The Pacific island nation of Samoa and parts of Kiribati were the first places in the world to welcome the new year on Monday. Auckland in New Zealand will be the world’s first major city to usher in 2018.
Samoa and parts of Kiribati are in the world’s farthest forward timezone, which is 14 hours ahead of UTC, putting them at the same time as Hawaii except the date is one day ahead. This means it was still Saturday in places such as American Samoa when it turned Monday in Samoa and Kiribati.
The exclusive group lost a member this year when Tonga discontinued daylight saving time after just one year. The island nation also observed daylight saving time from 1999 until 2002, a move that was sparked by its desire to be among the first to welcome the new millennium.
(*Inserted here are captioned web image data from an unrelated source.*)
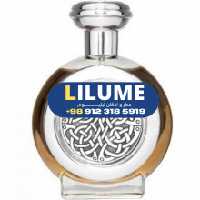 عطر ادکلن بودیسی د ویکتوریوس مگنیفیسنت 50 میل مردانه – زنانه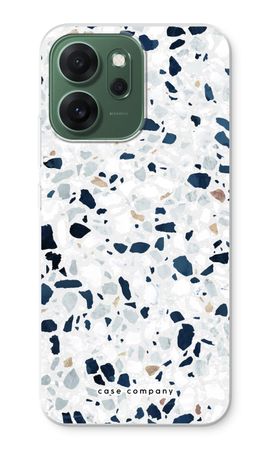 Terrazzo N°1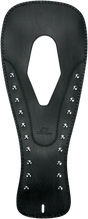 07010233_0.png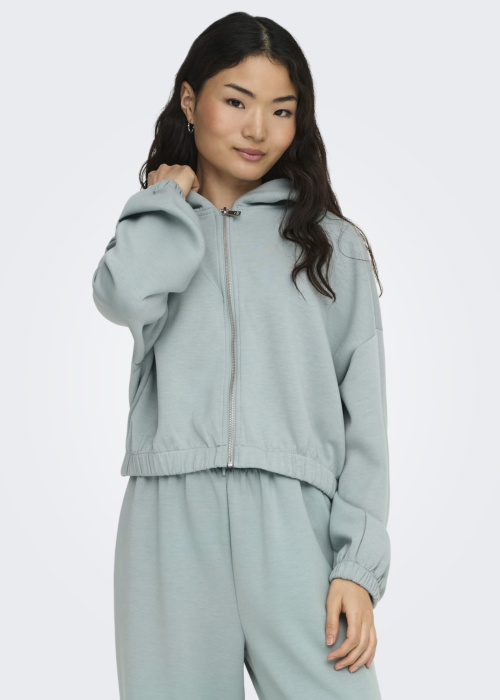 Кофта Scarlett Only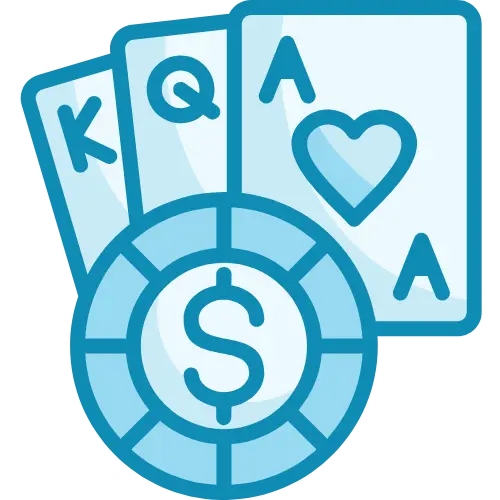 Bonus Powitalny 100% do 200$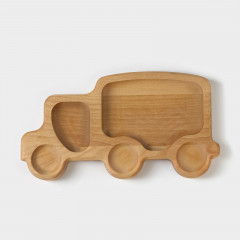 Менажница «Грузовичок» - Фото 2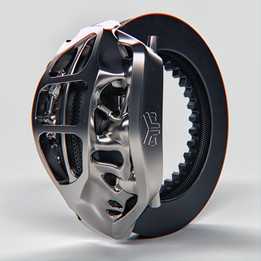 F1�ƶ�ǯ�����������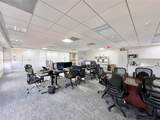 800 Douglas Rd - Photo 13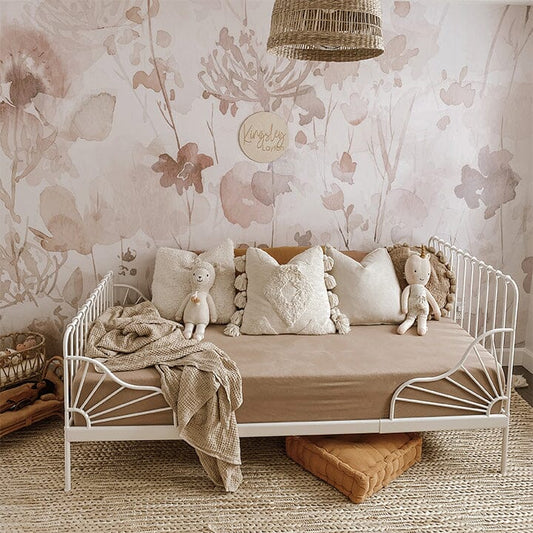 Wovilon Wall Stickers Murals Wall Murals Peel And Stick Home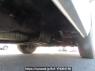 Used 2007 AT toyota hiace-van KDH205V Image[39]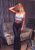 Pendik escort ayça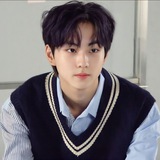 Telegram profile photo for LOLV – Lots of Love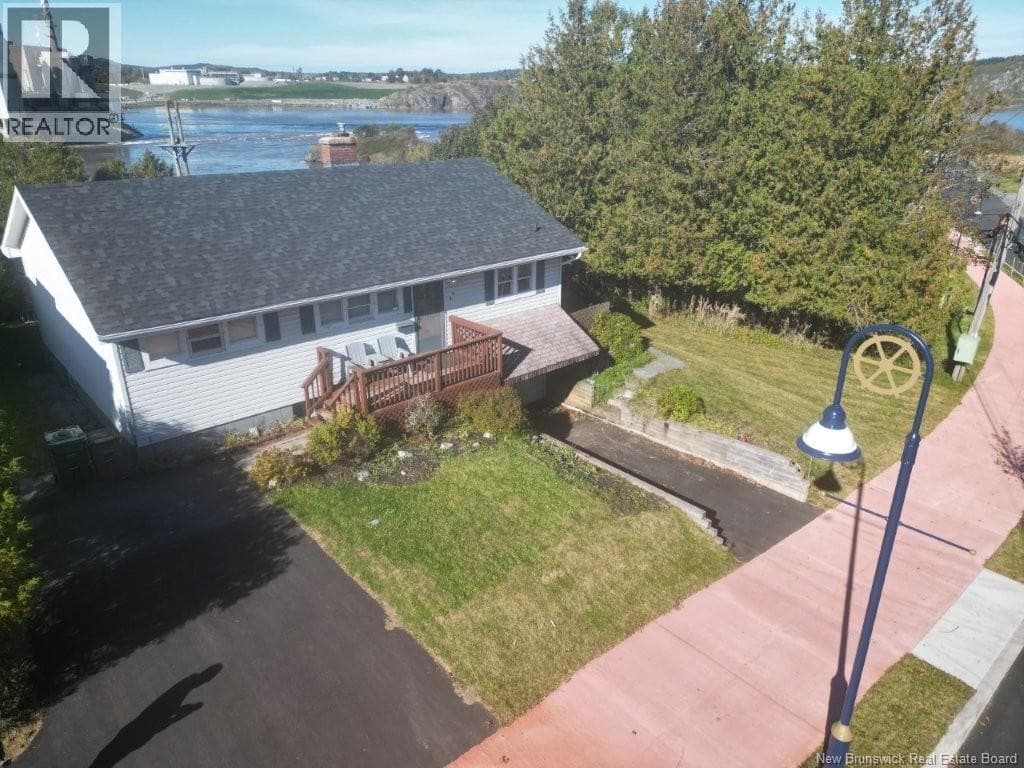 44 Fallsview Avenue, photo 13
Kiritimati, which is also known as Christmas Island and which is part of the Republic of Kiribati, is perhaps the best known member of the group. Kiritimati, home to nearly 6,500 people, was once one of the last places to usher in the new year, but in 1995 the island skipped ahead 24 hours to use being first as a tourist draw.
For the sixth time, residents in Samoa were also among the first people in the world to welcome the new year. The island country changed its timezone at the end of December 2011 by moving to the west of the International Date Line, making it easier to do business with Australia and New Zealand in an effort to boost the economy.
New Zealand’s Chatham Islands and its 600 residents entered the new year just 15 minutes after Samoa and Kiritimati, making it the second region on Earth to usher in the new year. And at 1100 GMT, Auckland will be the world’s first major city to mark 2018, along with places such as Fiji, Tonga and Antarctica.
It will be followed at 1300 GMT with new year’s celebrations in Australia, where a spectacular fireworks display will take place over the famous Harbour Bridge and Opera House in Sydney. Major events are also planned for Seoul, Hong Kong, Dubai, Moscow, Berlin, London, Rio de Janeiro, and New York City.